Donc, voilà, je ne vais pas plus loin lorsque je vous dis qu’il y a toujours ce truc chez Ozon, parce que soudain ma mémoire bloque. Quels films ? Je ne sais plus. Comme souvent, je n’ai que le souvenir vague d’une émotion, ici d’un cumul qui sort je ne sais d’où. Tout le reste a disparu. C’est peut-être ce qui fait de moi quelqu’un d’émotif : il n’y a que cela qui reste. En vérifiant plus tard, je saurai que, dans tous les films que j’ai vus de lui, il y a ce truc, ce truc qui va un peu ailleurs, dans une présence, dans un rat géant, dans un inattendu.
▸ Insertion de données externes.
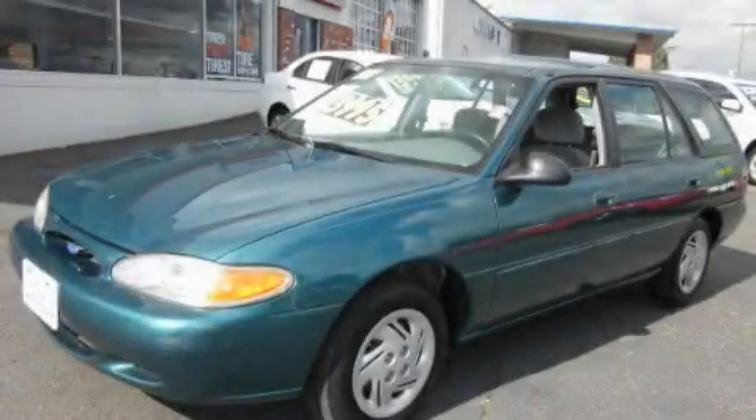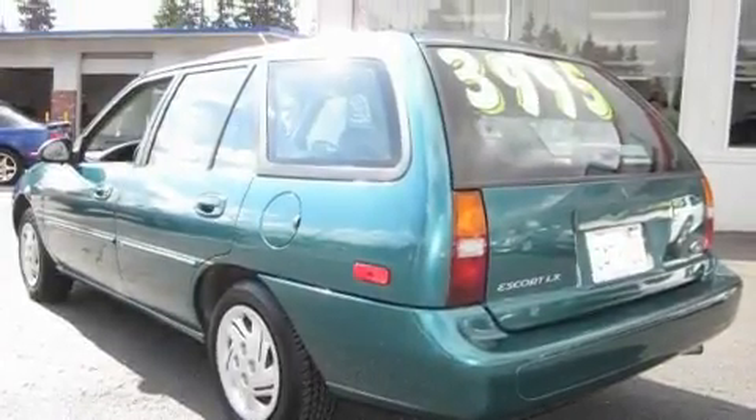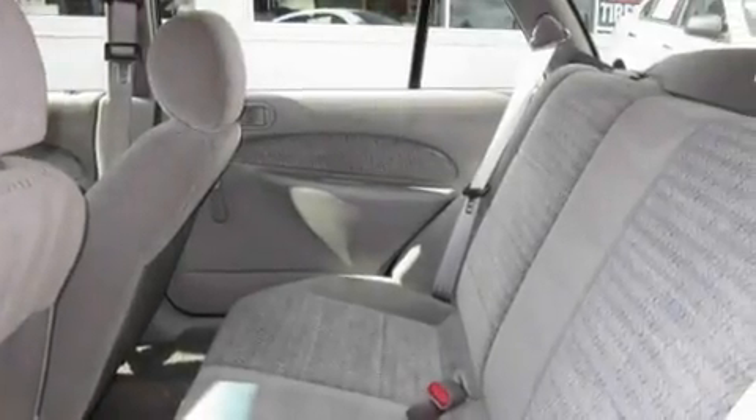This is a 1997 Ford Escort. It has a 2.0-liter four-cylinder engine and an automatic transmission. Its top features include fold-down rear seats, a rear window defroster, and it's easy to see why this vehicle is an excellent choice.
Mais donc il y a la boîte de nuit. La scène superpose une foule joyeuse et un slow de mes onze ans, where he says he is sailing sur des eaux orageuses pour être près de toi, pour être libre. Les chansons anglophones de ma jeunesse sont sans paroles, c’est-à-dire sans le sens de leurs paroles ; la musique l’emportait. Cette chanson est comme les autres, plus que les autres sous l’indifférence. Il y avait peut-être chez moi, déjà, un peu de snobisme à ne pas vouloir aimer les chanteurs à brosse. Il y avait peut-être rien d’autre qu’un air qui ne m’accrochait pas. Pourtant samedi je la susurrerai, la fenêtre ouverte.
Mais donc il y a la boîte de nuit. Peut-être parce que nous ne dansons plus.